RPA, working with a roster of community partners, produced the report as part of its development of a Fourth Regional Plan for the New York City area.

The report identified communities where there are concentrations of people paying a large share of their income for rent. Researchers layered that data onto a map identifying the kind of walkable, transit-rich neighborhoods that have proven attractive to wealthy renters and buyers.
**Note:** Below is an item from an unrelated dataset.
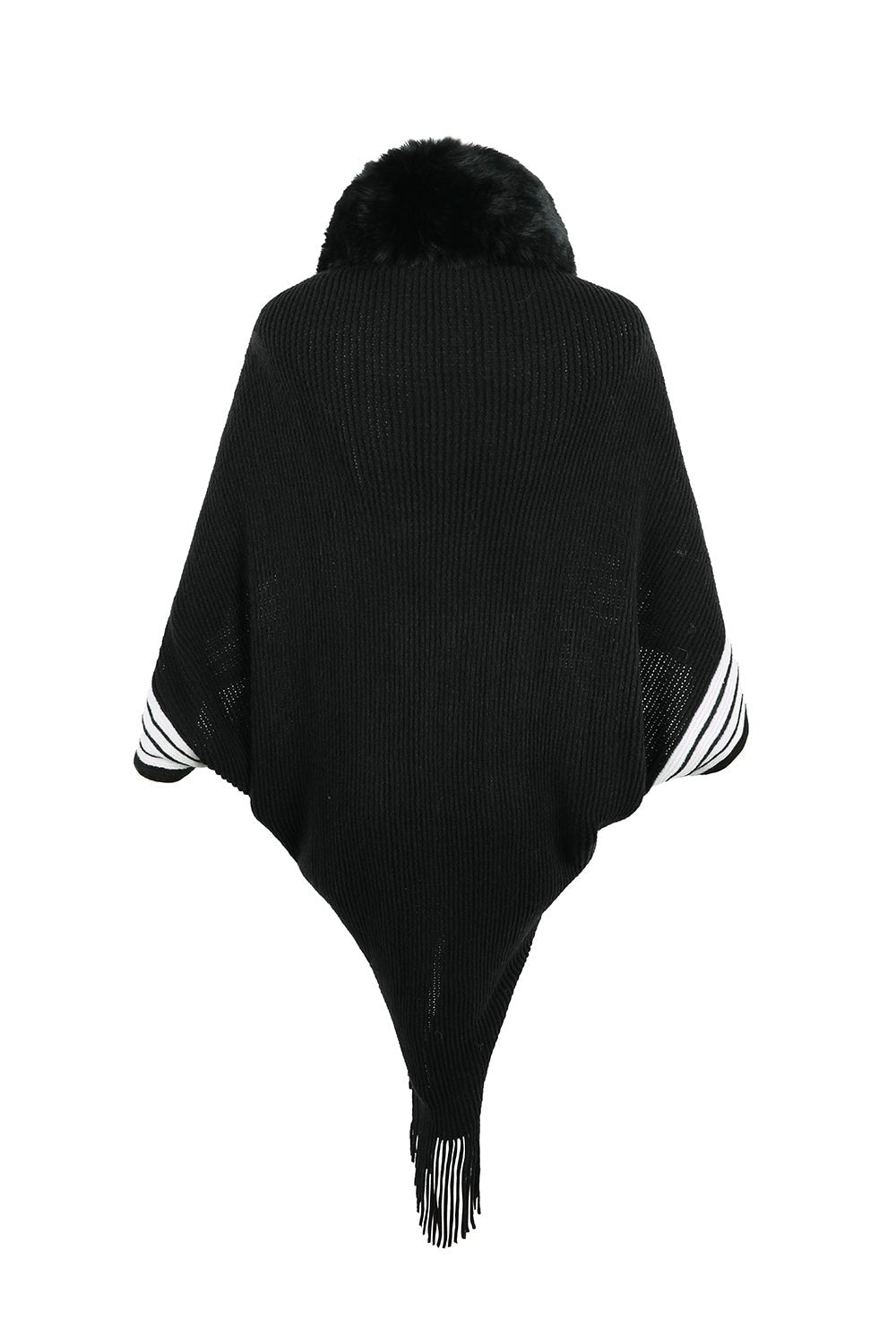 Striped Fringe Detail Long Sleeve Poncho - Flip Flop Dynasty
They then looked to see whether any of the areas that combined human vulnerability with physical allure were already seeing shifts in the real-estate market.

One finding: From 2000 to 2015, 160,000 households making more than $100,000 moved into the accessible neighborhoods, while 61,000 households making less than $100,000 moved out.

The boilerplate backstory to these trends is that these households are the victims of the city’s success at driving down crime and improving quality of life. Broader trends in real-estate investment and income inequality also get a share of the blame. But a profound thrust of the report, and of the conference RPA and the Ford Foundation presented on Wednesday, was that displacement is not an accident—that public policy has helped to worsen the problem, and has to be reshaped to address it.

“The region’s affordability crisis can only be solved if we build enough new homes that are affordable to households with a range of incomes,” the report reads. “But new development doesn’t have to come at the expense of existing residents. There are many approaches that can help protect vulnerable residents from displacement due to escalating price pressures. This report outlines five potential strategies.”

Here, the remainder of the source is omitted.